Opinion
55701.
SUBMITTED APRIL 6, 1978.
DECIDED JULY 13, 1978. REHEARING DENIED JULY 31, 1978.
Employment contract. Fulton Superior Court. Before Judge Tidwell.
Jones Robbins, James A. Robbins, Jr., William W. Byington, Jr., for appellant.
Sutherland, Asbill Brennan, Alfred A. Lindseth, Thomas A. Cox, for appellee.
Plaintiff brought this action for breach of employment, negligence, fraud and deceit against defendant corporation and against one Doyle, the president and majority stockholder of the corporate defendant. Doyle's motion to dismiss was granted and he is no longer a party to this action. After considerable discovery defendant made its motion to dismiss and alternatively a motion for summary judgment. The trial court granted summary judgment in favor of the defendant corporation against plaintiff. Plaintiff appeals. Held:
Plaintiff's evidence is that in April of 1973 he entered into a five-year contract with the defendant corporation and served as defendant's director of manufacturing. Doyle subsequently acquired control of the corporation and fired plaintiff, thereby giving rise to plaintiff's cause of action.
Defendant contends that at the time of plaintiff's termination, checks, representing one month's severance pay, were cashed by plaintiff, resulting in an accord and satisfaction. Plaintiff denied there was any accord and satisfaction and in his affidavit in opposition to summary judgment stated that he had never been offered nor paid any funds by defendant in satisfaction of his claims under the terms of his contract of employment with the corporation, nor had he received any funds from the defendant tendered by the defendant or accepted by him as an accord and satisfaction of claims existing under his contract of employment with the corporation.
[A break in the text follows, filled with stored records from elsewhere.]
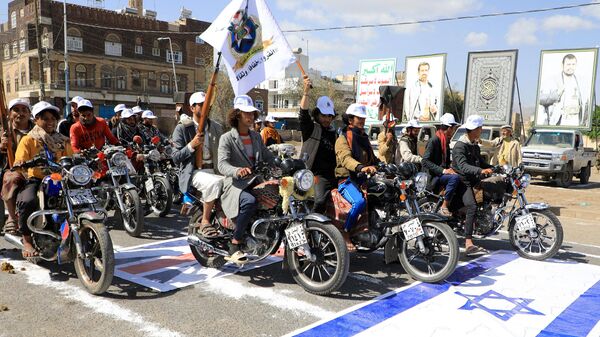 Yemeni men riding motorcycles drive over an Israeli flag painted on the asphalt in the Houthi-run capital Sanaa, during a march in support of the Palestinians amid ongoing battles between Israel and Hamas militants in the Gaza Strip, on February 29, 2024. - Sputnik International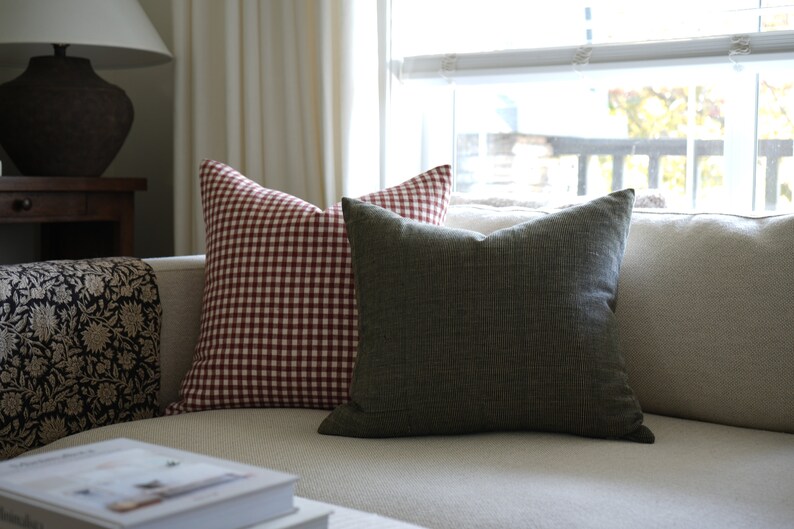 May include: Two throw pillows on a white couch. One pillow is red and white gingham, the other is a dark green solid color.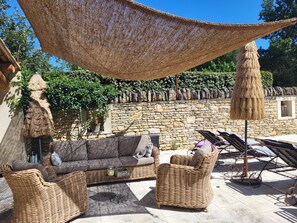Een zonnig terras met rieten meubels, een stenen muur en een rieten parasol.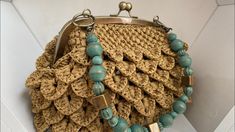 a purse with blue beads on it sitting on top of a white table next to a wall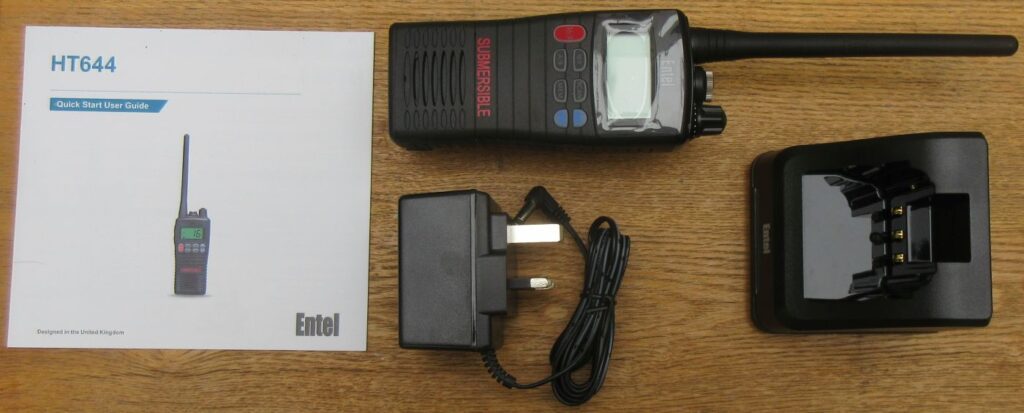 entel-ht644-what-you-get The Entel HT644 Marine VHF Walkie Talkie set, including a handheld radio, quick start guide, power adaptor, and charging dock, is displayed on a wooden surface.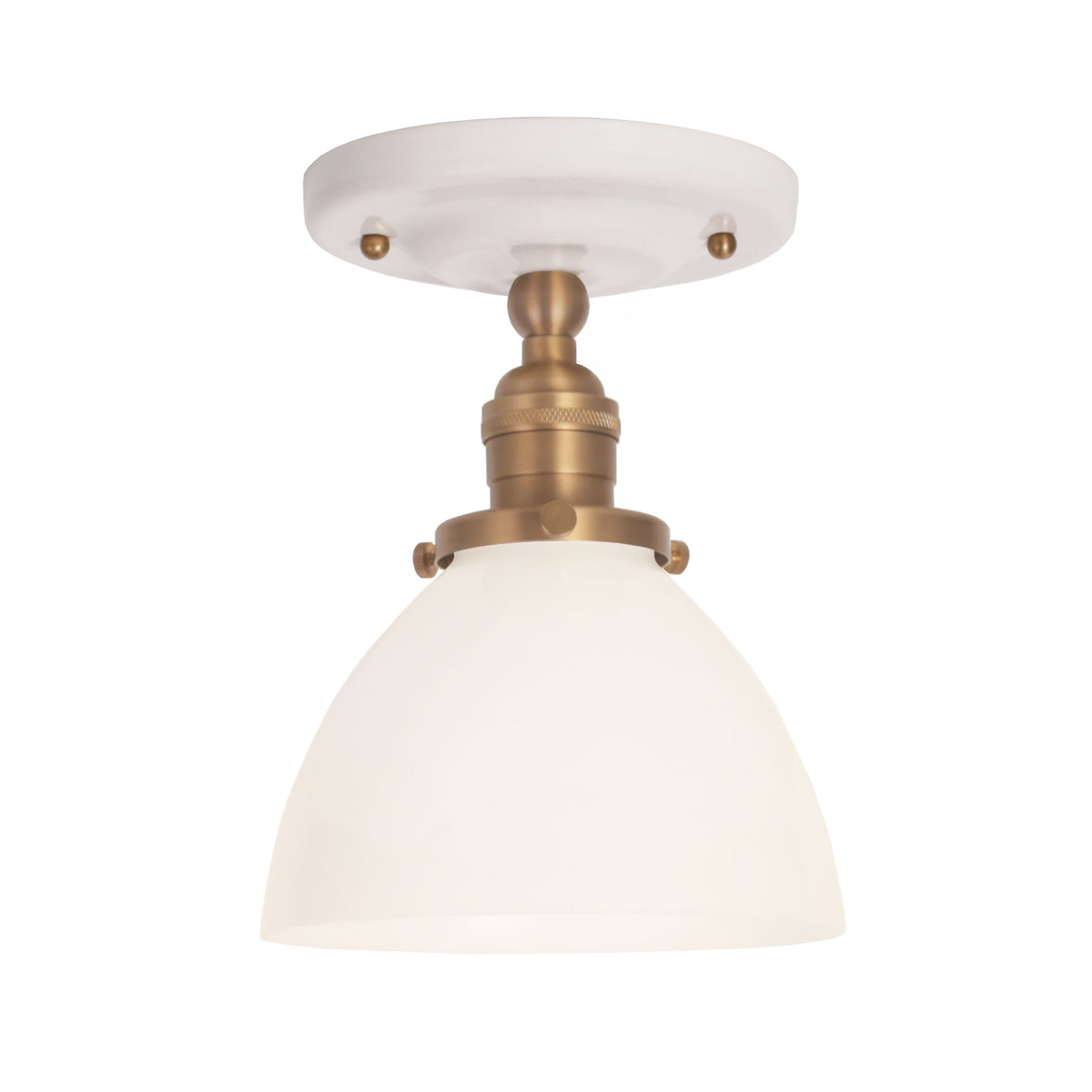 Grace Surface shown in Heirloom Brass with a Gloss White Ceramic canopy and an Opal Glass shade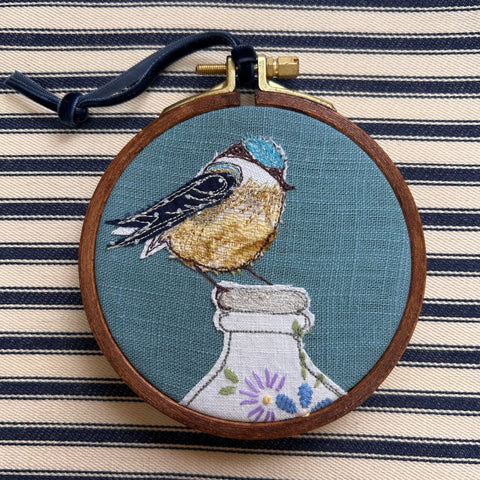 “Breakfast” Blue bird on a milk bottle embroidered picture.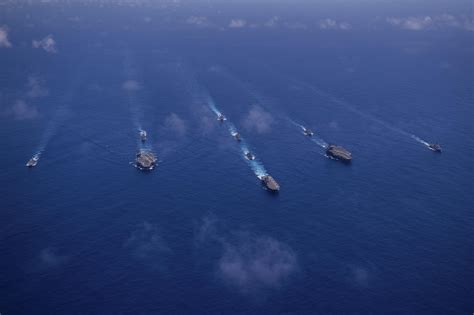 Nimitz Carrier Strike Group and Reagan Carrier Strike Group sail in formation with JMSDF and ...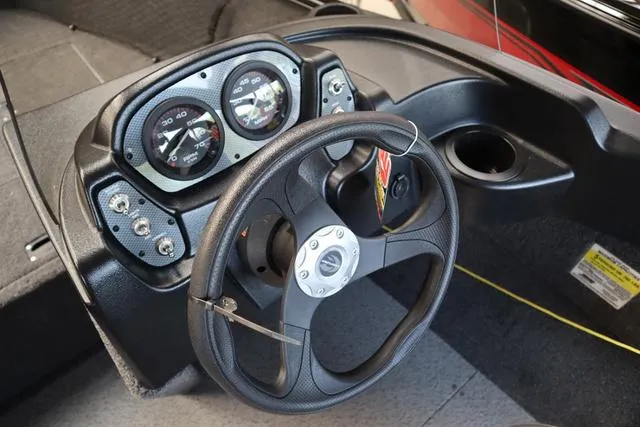 Slide: The Image of 2025 Crestliner 1650 Kodiak SC dashboard with steering wheel and gauges. - 3
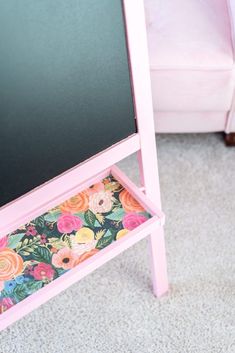 a pink desk with a flowered drawer underneath it and a white chair in the background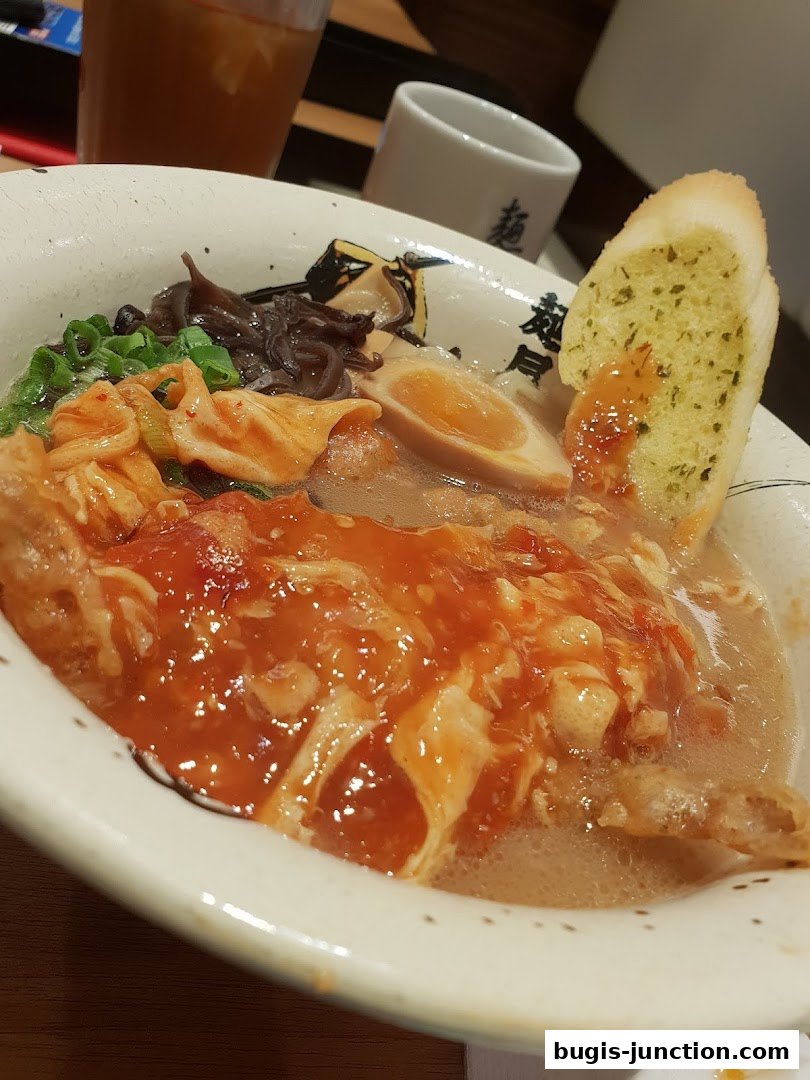 A close-up of a ramen bowl with toppings, a slice of garlic bread, and a drink.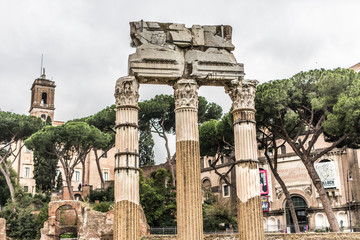 ROME, ITALY - November, 2018: Tourists in the Roman Forum at Temple of Saturn against Arch of...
"A novation or accord and satisfaction is in itself a contract and must have all the elements of a de novo contract. . . Therefore, there must be a meeting of the minds if the novation or accord and satisfaction is to be valid and binding... The existence vel non of mutual intention is ordinarily a question of fact which is reserved for determination by the jury." Mayer v. Turner, 142 Ga. App. 63, 64 (1) ( 234 S.E.2d 853). Compare Smith v. Hornbuckle, 140 Ga. App. 871, 874 (1) ( 232 S.E.2d 149). On summary judgment the evidence must be construed against the movant. Holland v. Sanfax Corp., 106 Ga. App. 1, 4 ( 126 S.E.2d 442); McCarty v. National Life c. Ins. Co., 107 Ga. App. 178, 179 ( 129 S.E.2d 408); Armstrong v. Lawyers Title Ins. Corp., 138 Ga. App. 727, 728 (3) ( 227 S.E.2d 409). Although there was evidence which conflicted with plaintiff's affidavit, including plaintiff's testimony on deposition, the result occasioned by the conflicting testimony is not altered. See Mathis v. R. H. smallings Sons, Inc., 125 Ga. App. 810 ( 189 S.E.2d 122). Issues of material fact remain. Therefore, the trial court erred in granting defendant's motion for summary judgment.
Judgment reversed. Quillian, P. J., and Webb, J., concur.